The session described a workshop held in October of 2009 in which case studies on oncology and alzheimers were discussed (featured in Nature Reviews Drug Discovery as well–requires login).
MIT economist Mark Trusheim began by describing the ‘pharmaeconomics’ of choosing patient populations for clinical trials. There are obvious benefits to using biomarkers to enrich populations, but there are many factors which need to be considered, and ultimately it depends on the science behind the drug and the market. The group determined three factors to be the most important: variability in the therapeutic effectiveness of the drug, prevalence of the biomarker, and the quality of companion diagnostics. Trusheim also described modeling different long term scenarios ranging from Phase II extending through to the end of market exclusivity, from the perfect ‘Nirvana’ situation, where everything goes perfectly, to ‘pharmageddon’ where it goes bad at every turn. Trusheim indicated that in both the oncology and Alzheimer’s study, a very significant increase in eNPV could be achieved by utilizing biomarker information.

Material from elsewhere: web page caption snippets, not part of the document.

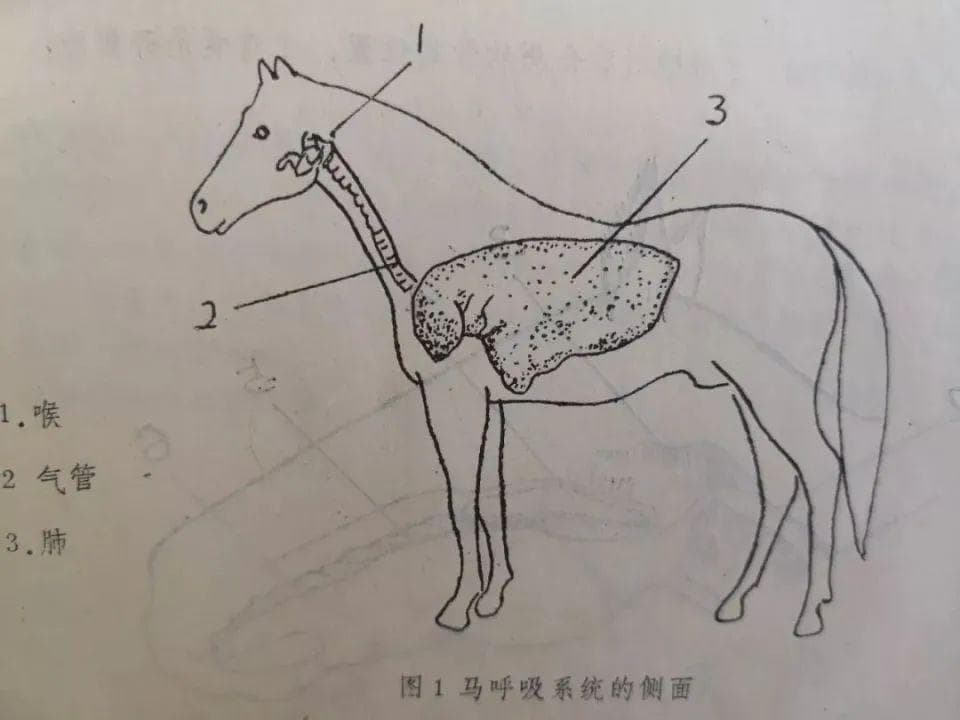 为了长距离快速奔跑，马的呼吸系统多独特？自带兴奋剂系统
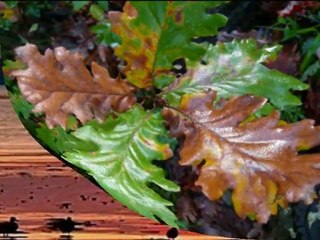 Antonio   Vivaldi   Autunno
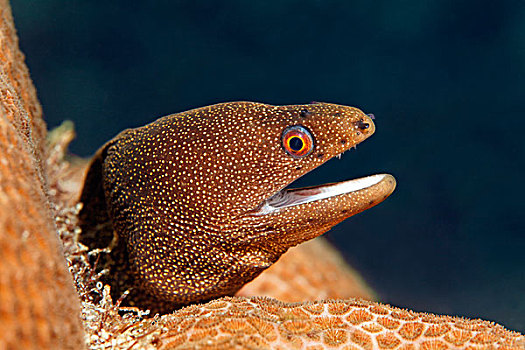 金尾海鳗,休息,石头,珊瑚,圣卢西亚,风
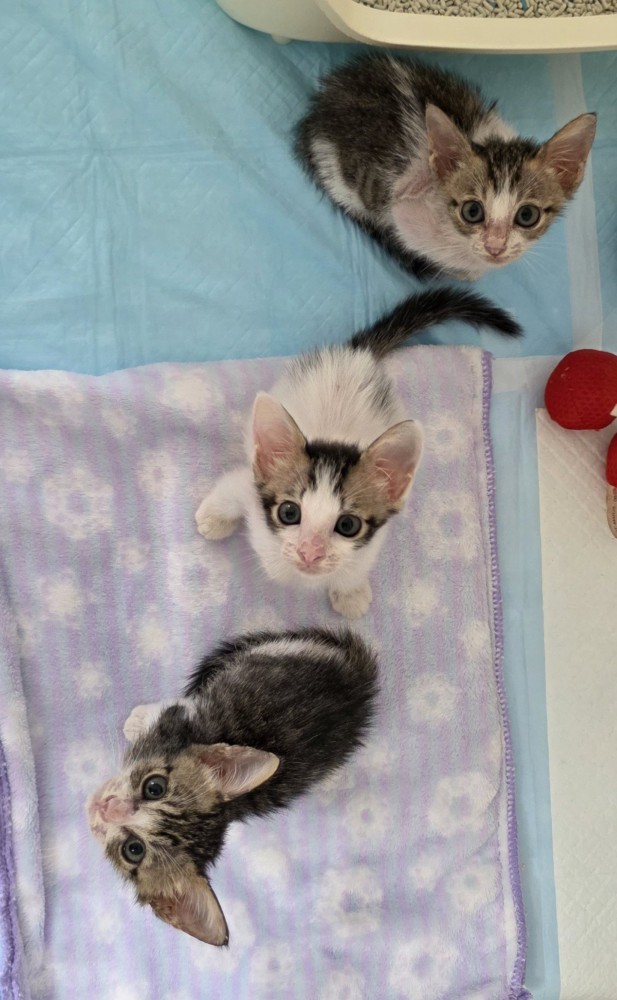 見上げる子猫たち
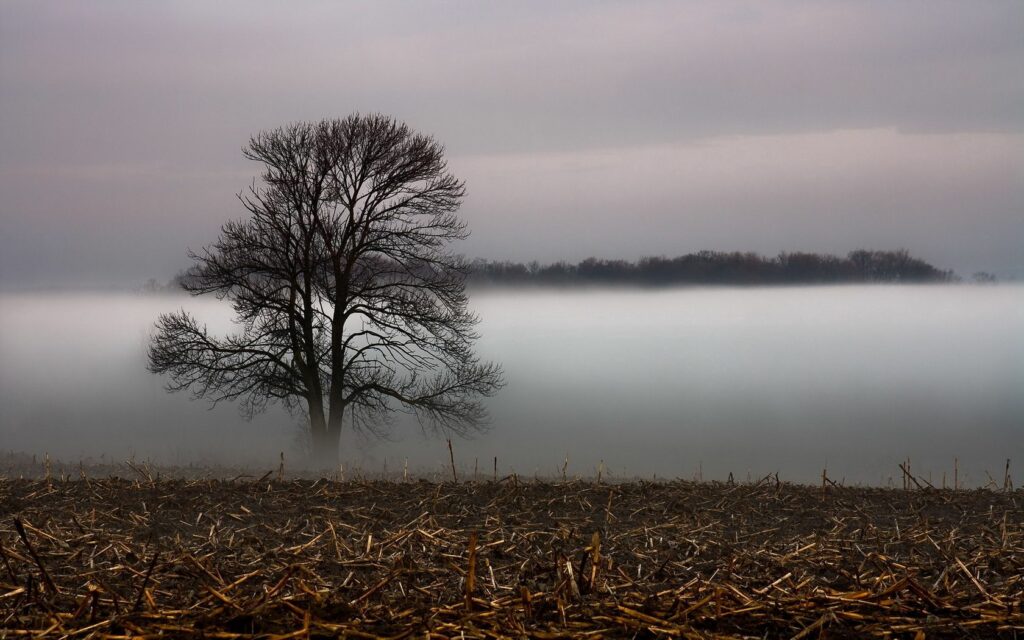Solitary tree silhouette in foggy barren field with layered grass misty minimalist nature wallpaper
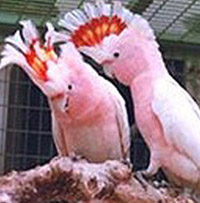 Cockatoo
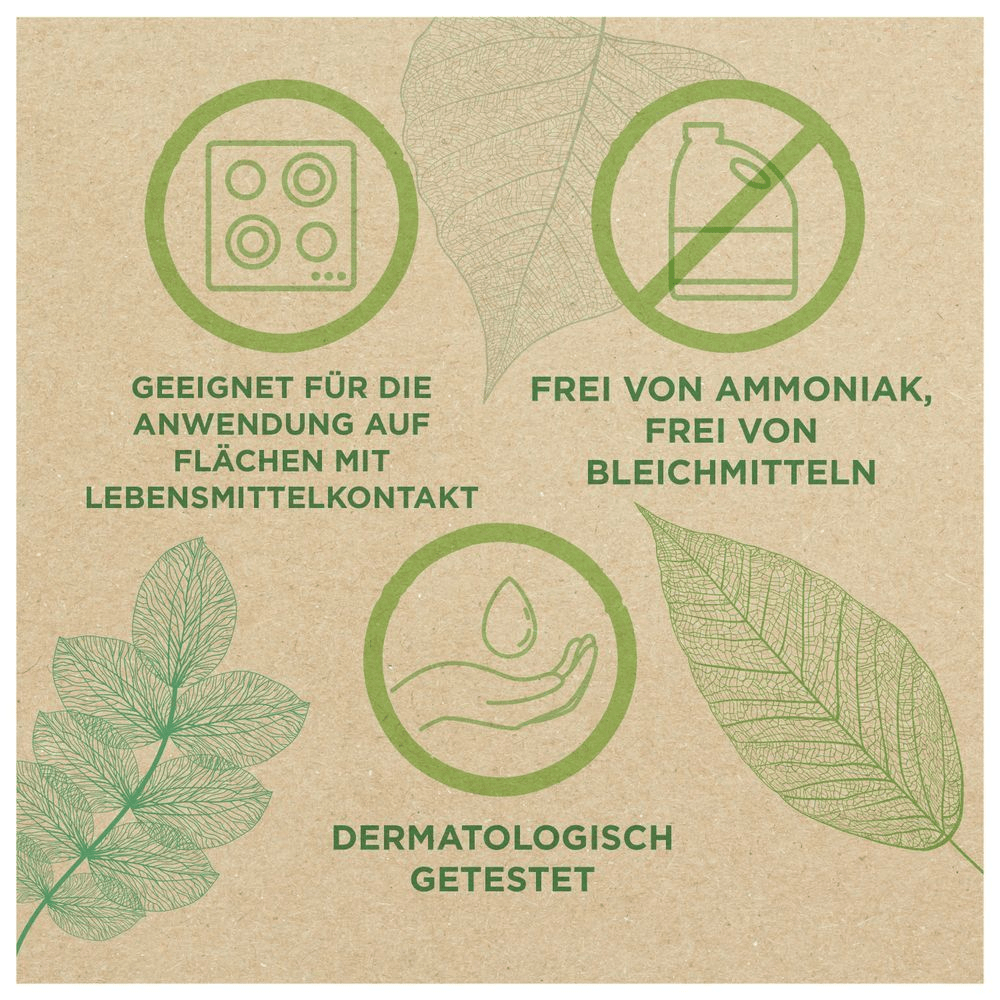 Bild: Meister Proper Desinfizierende, plastikfreie Reinigungstücher, Eukalyptus & Minze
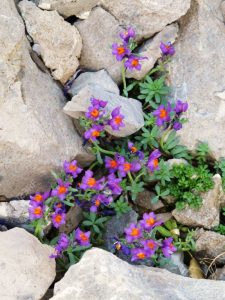 10564074-beautiful-little-mountain-flowers-Stock-Photo-flowers-purple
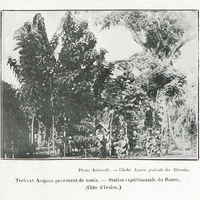 Tecks et Acajous provenant de semis. - Station expérimentale du Banco (Côte d'Ivoire)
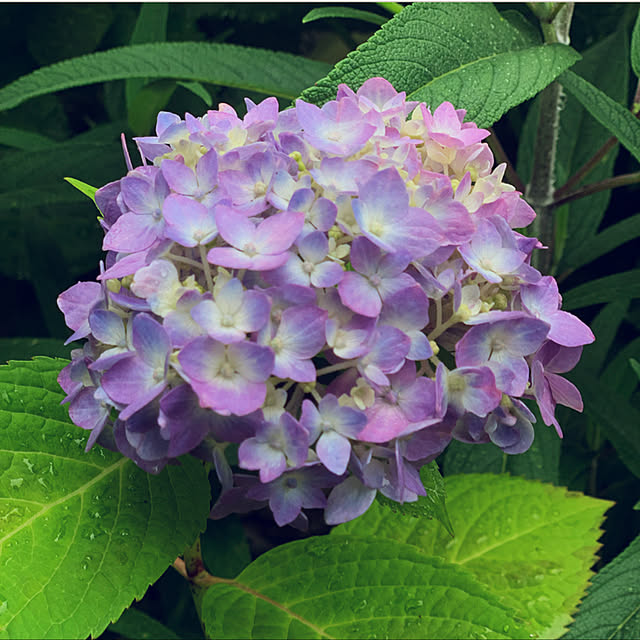 yukarin-gardenさんの実例写真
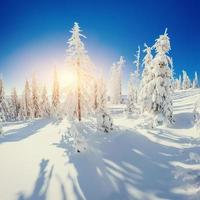 magische winter besneeuwde boom. zonsondergang in de Karpaten. ukr foto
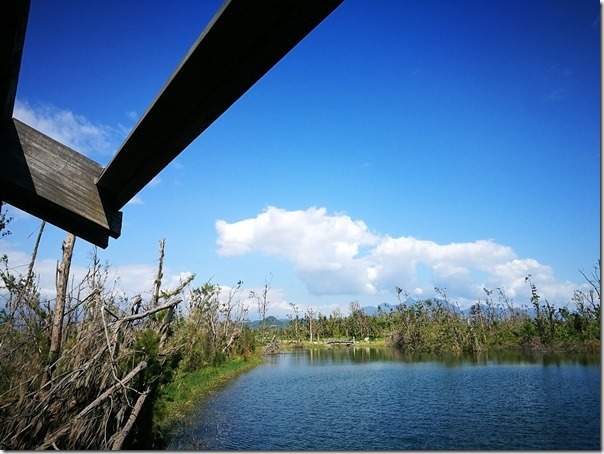 pipalake13_thumb 台東-黑森林琵琶湖 台東版忘憂森林? 美麗無極限之台東森林公園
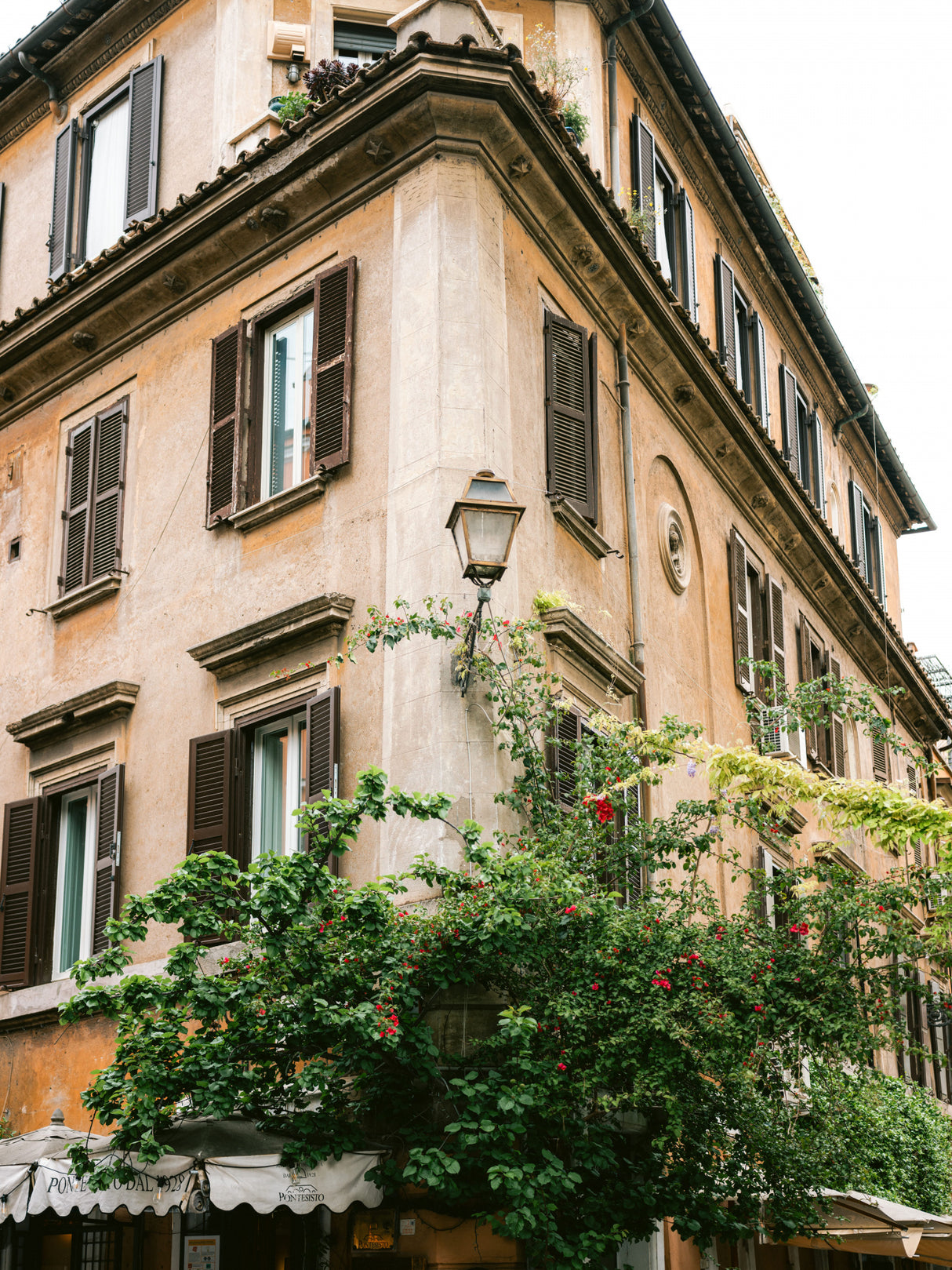Botanical Trastevere Rome || Poster och Canvastavla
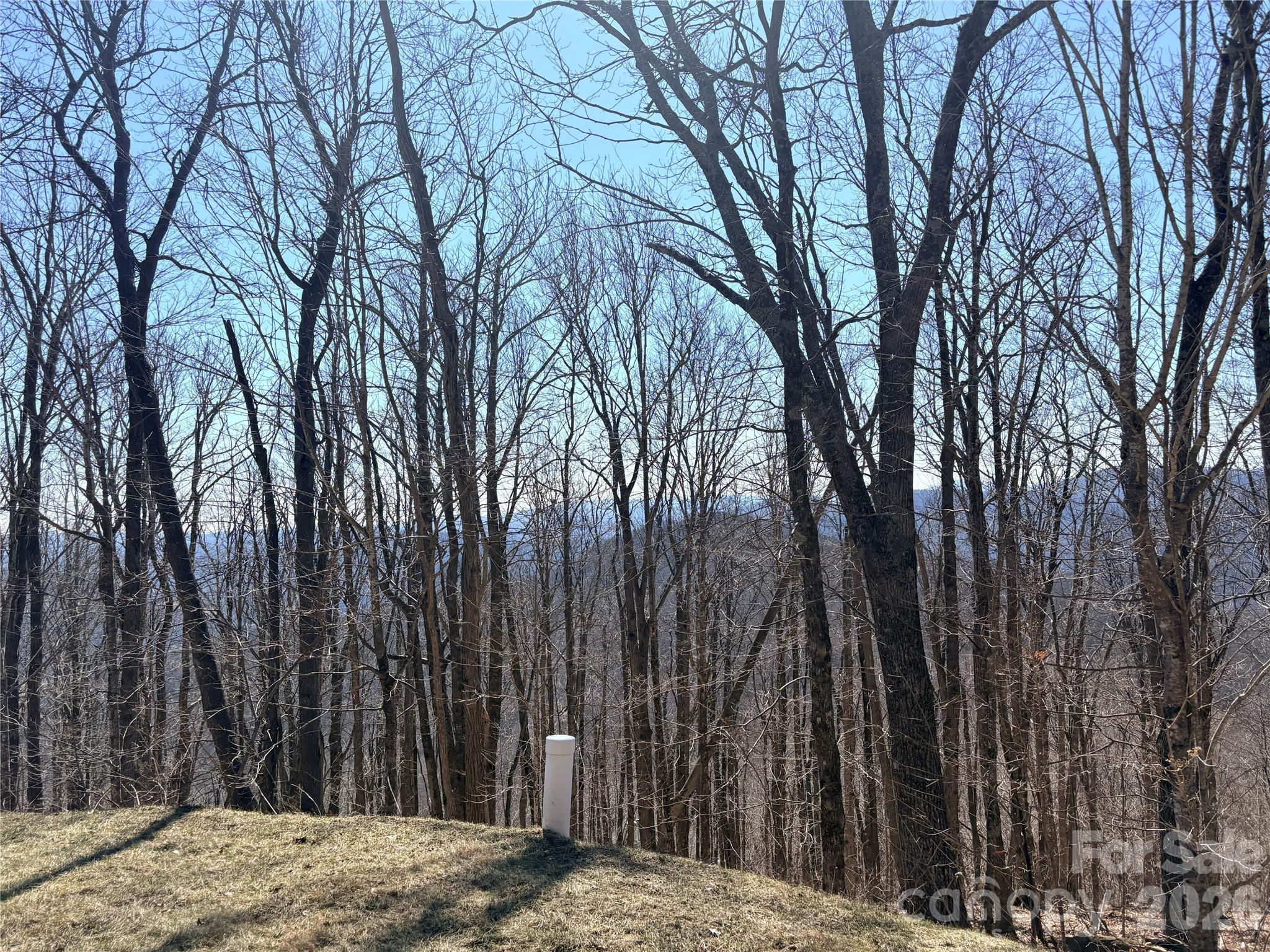 Lot 68 Elk Creek Mountain Parkway Todd NC 28684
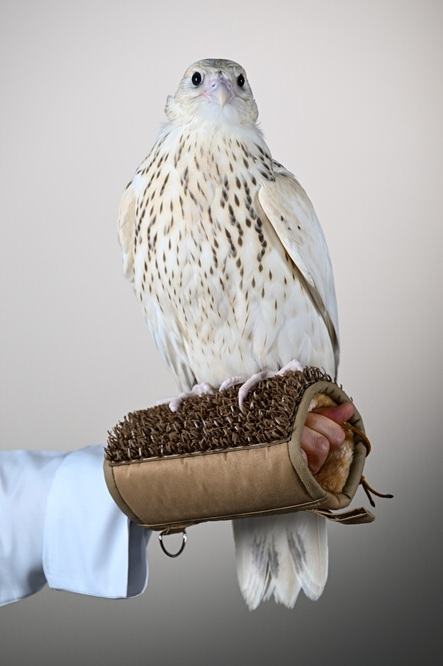 Falcon is Sold for AED 2.1 Million (USD 571,000) in Abu Dhabi, Setting the World’s Highest Price Ever at Falcon Auction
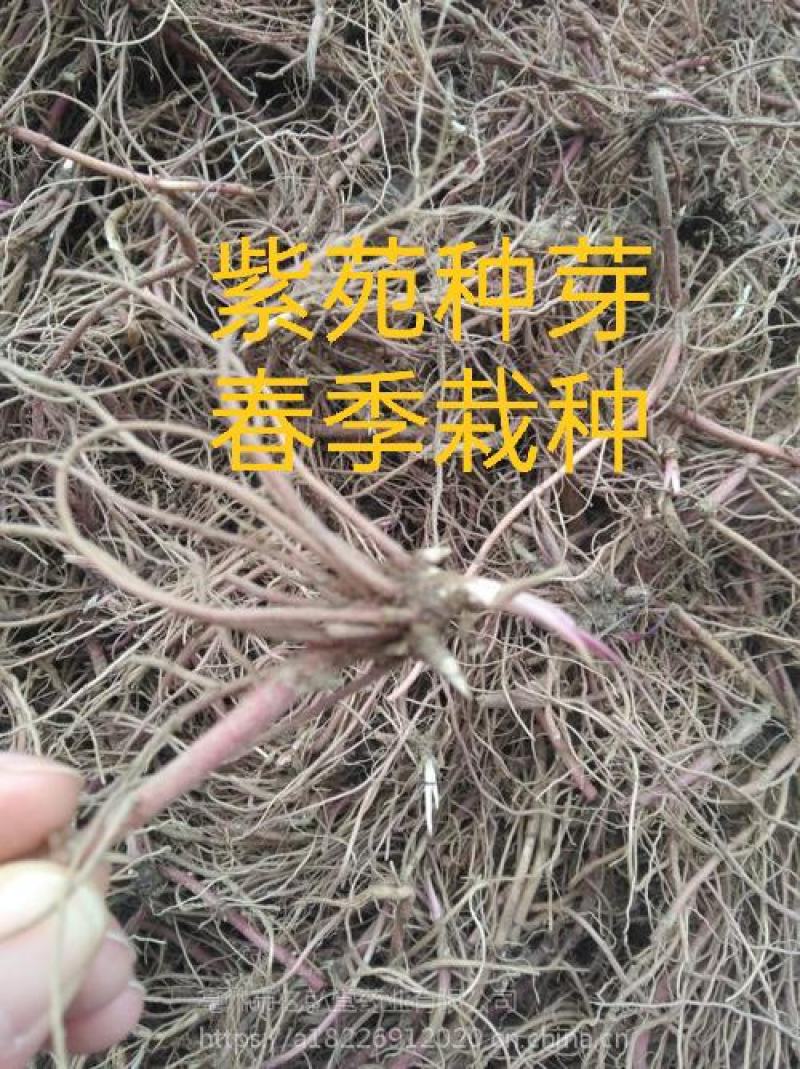紫菀，中药材紫苑片干净无杂质量保证！欢迎咨询选购！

Steven Averbuch, VP of Oncology at BMS, covered the study results for Herceptin and Vectibix for oncology indications. In the case of Herceptin, it had a large effect on a small population, saving money and adding to the eNPV by allowing a smaller clinical trial, but perhaps precluding the discovery of other biomarkers or indications for the drug, as was found to be important for drugs such as Gleevec. Vectibix had a large effect on a large population, obviating the need for biomarker stratification but giving the drug a higher eNPV because of a larger market size. Averbuch reiterated Trusheim’s three important factors, and the need for increased communication between all the stakeholders to utilize biomarker information to help move from the ‘pharmageddon’ to nirvana drug development situation.
Theresa Long, presented the study on the Alzheimer’s drug Bapineuzumab, and the effect of biomarker stratification on a chronic condition. They used the ApoE4 biomarker and started with data past Phase 2. Three different scenarios were modeled, from an all-inclusive to stratified, with an 80% increase in eNPV in the biomarker study. Long stressed the importance of knowing the prevalence of the biomarker in the population, even for chronic conditions such as Alzheimer’s which has blockbuster potential.
This session was inspiring as it showed how science can drive drug development and how biomarker stratification could lead pharma and healthcare towards a path of increased communication resulting in lower costs. The study has been submitted for publication and the modeling tools that were used will be available. Federico Goodsaid indicated that the tool could be made available to those who contact him.